Et puis parfois, les chiens décident de ne pas aller au contact. Discuter à distance leur a suffi, ils ont échangé des informations par le biais des odeurs et des postures du corps, et si nous leur laissons le choix d’en rester là, cela leur convient amplement. C’est souvent l’humain qui, involontairement, apprend à son chien à aller voir tous les congénères qu’il croise, ou la vie en ville qui fait qu’on est obligé de croiser des passants avec des chiens en ligne droite et de façon très rapprochée sur un trottoir. C’est émotionnellement très difficile pour beaucoup de toutous.
Beaucoup de chiens réactifs ont d’ailleurs besoin de retrouver cette distance et ce temps d’observation avec leurs congénères. Ils ont appris à foncer sur les autres sans réfléchir, et les maintenir à distance des autres chiens, en longe, le temps qu’ils réapprennent à observer les signaux de communication de leurs congénères et à y répondre, leur permet progressivement de s’apaiser. La distance peut alors être réduite, petit à petit, mais n’ayez pas pour obsession de vouloir un chien qui reniflera ses semblables et se laissera renifler en toute quiétude : vous-même, aimez-vous le contact rapproché avec des inconnus ?

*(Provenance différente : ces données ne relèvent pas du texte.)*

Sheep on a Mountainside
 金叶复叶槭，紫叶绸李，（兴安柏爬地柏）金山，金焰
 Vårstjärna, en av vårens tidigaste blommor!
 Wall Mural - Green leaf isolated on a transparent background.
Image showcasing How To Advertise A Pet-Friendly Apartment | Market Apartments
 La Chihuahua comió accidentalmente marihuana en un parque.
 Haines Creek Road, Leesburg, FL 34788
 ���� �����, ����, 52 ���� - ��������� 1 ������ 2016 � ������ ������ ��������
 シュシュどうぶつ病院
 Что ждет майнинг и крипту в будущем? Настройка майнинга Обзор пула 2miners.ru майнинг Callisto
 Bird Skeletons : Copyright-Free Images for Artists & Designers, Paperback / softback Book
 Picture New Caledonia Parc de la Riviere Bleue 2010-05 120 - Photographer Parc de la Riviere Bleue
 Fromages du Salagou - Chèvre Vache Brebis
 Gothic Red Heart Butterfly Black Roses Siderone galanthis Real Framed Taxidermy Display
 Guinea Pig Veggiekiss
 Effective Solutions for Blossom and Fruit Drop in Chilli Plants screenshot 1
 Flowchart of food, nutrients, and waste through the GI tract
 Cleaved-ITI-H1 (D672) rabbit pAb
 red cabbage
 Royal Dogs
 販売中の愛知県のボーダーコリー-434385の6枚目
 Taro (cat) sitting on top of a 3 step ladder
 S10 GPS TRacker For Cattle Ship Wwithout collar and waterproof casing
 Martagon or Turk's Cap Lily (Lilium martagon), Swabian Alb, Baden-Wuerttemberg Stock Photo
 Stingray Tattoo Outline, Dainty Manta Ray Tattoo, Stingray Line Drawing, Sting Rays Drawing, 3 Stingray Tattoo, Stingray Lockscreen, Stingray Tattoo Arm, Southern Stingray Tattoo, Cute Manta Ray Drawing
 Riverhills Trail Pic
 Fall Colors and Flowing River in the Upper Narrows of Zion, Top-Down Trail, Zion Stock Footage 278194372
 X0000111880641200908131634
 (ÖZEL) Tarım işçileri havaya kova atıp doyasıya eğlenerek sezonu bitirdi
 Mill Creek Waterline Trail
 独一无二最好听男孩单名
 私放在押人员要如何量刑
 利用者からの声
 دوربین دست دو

La société nous oblige à vivre les uns sur les autres, et les espaces verts diminuent comme peau de chagrin. Il est certain qu’il est de plus en plus difficile de laisser nos chiens prendre la distance et le temps dont ils ont besoin pour observer leurs congénères. Mais est-ce une raison pour leur imposer une promiscuité qui n’est absolument pas canine ? Quand il est possible de changer de trottoir, de faire demi-tour pour éviter un croisement tendu, de s’écarter de quelques mètres… pourquoi s’en priver ? Ce n’est pas à nos chiens de s’adapter à nous (ils le font de toute façon déjà, parce qu’ils n’ont pas le choix), c’est à nous d’essayer de leur proposer un mode de vie le plus adapté possible à leur éthologie. Et cela commence par le fait d’être moins pressé, et de prendre le temps de les observer : la communication canine est d’une grande richesse, et notre empressement chronique nous fait passer à côté de belles conversations canines. La bonne nouvelle, c’est qu’il n’est jamais trop tard pour s’y mettre.